I saw a report today that China's office market is cooling down much faster than the residential market. A large number of office buildings in Beijing, Shanghai, Shenzhen and other places are vacant. The vacancy rate has reached a new high in more than 10 years, while the rental price has reached a new low in more than 10 years. Some of the once top-notch office buildings in first-tier cities have lost their former prosperity and grandeur after the closure of a large number of office areas.
Shenzhen currently faces the highest vacancy rate, with rental prices having dropped by 30% compared to the previous years, returning to levels seen 11 years ago. In Beijing, the average rent decreased by over 9% last year. However, based on actual transaction prices, some areas have experienced a significant 50% reduction in rental prices. For instance, in a popular office district in Wangjing, the rental price per square meter per day has fallen from 7 yuan in the past two years to the current 3.5 yuan.

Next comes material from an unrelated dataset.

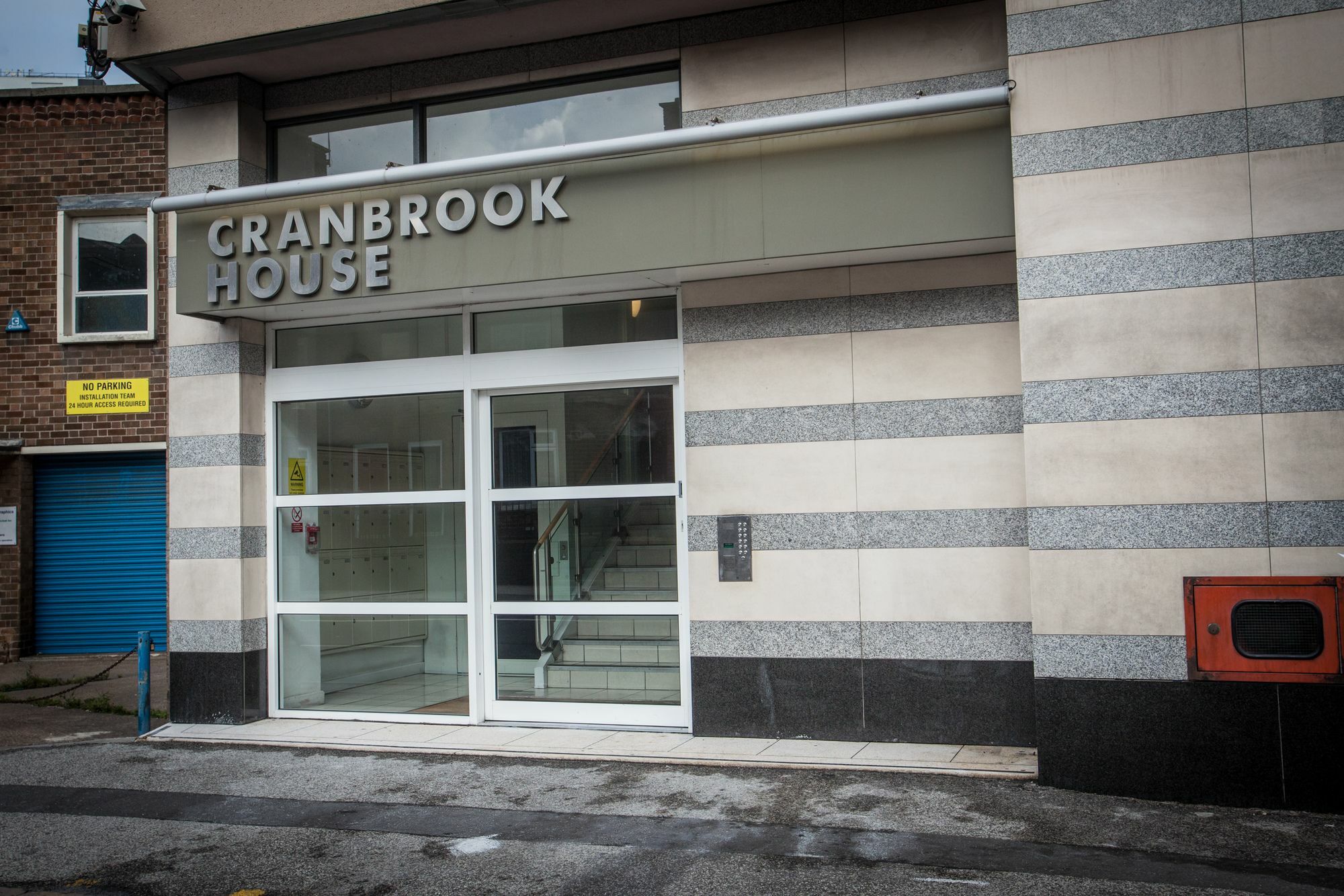 Cranbrook House Apartments - Near Ice Arena Nottingham Exterior photo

From 2021 to 2023, the net absorption of Grade A office space in Beijing plummeted from 1.01 million square meters to 127,000 square meters, marking an 87% decline. In Shanghai, the figure dropped from 1.36 million square meters to 390,000 square meters, representing a 71% decrease. Similarly, in Shenzhen, the net absorption shrank from 840,000 square meters to 220,000 square meters, indicating a 74% decline. Based on this set of data, it is evident that the demand for Grade A office space in these three major first-tier cities has sharply contracted by 70-90% over the past two years.
The Zhongguancun and Wangjing areas in Beijing are the two most concentrated hubs for internet companies. However, in recent years, many internet enterprises have started to withdraw. Companies such as ByteDance, Microsoft, iQiyi, among others, have terminated their leases in Zhongguancun, while Meituan has gone a step further by prematurely vacating 30,000 square meters in Wangjing.
Furthermore, the withdrawal of foreign capital has also, to a certain extent, reduced the demand for office spaces. Some of these departures are attributed to the rising operational costs and increased profit pressures in China, while others are due to geopolitical factors prompting an exit from the Chinese market. Although China has recently implemented various measures to attract foreign investment, there is a possibility that some foreign capital may return to the Chinese market. However, those foreign entities that left due to geopolitical reasons may find it challenging to return to China in the short term. For the office space market, the demand gap created by the departure of foreign clients may be difficult to fill in the short term.
In the past few years of the epidemic, the economy has been in such a state that China has undergone a complete transformation. The economy has declined sharply, and the service industry has also declined significantly. This reflects from the side that China's so-called transformation is extremely difficult.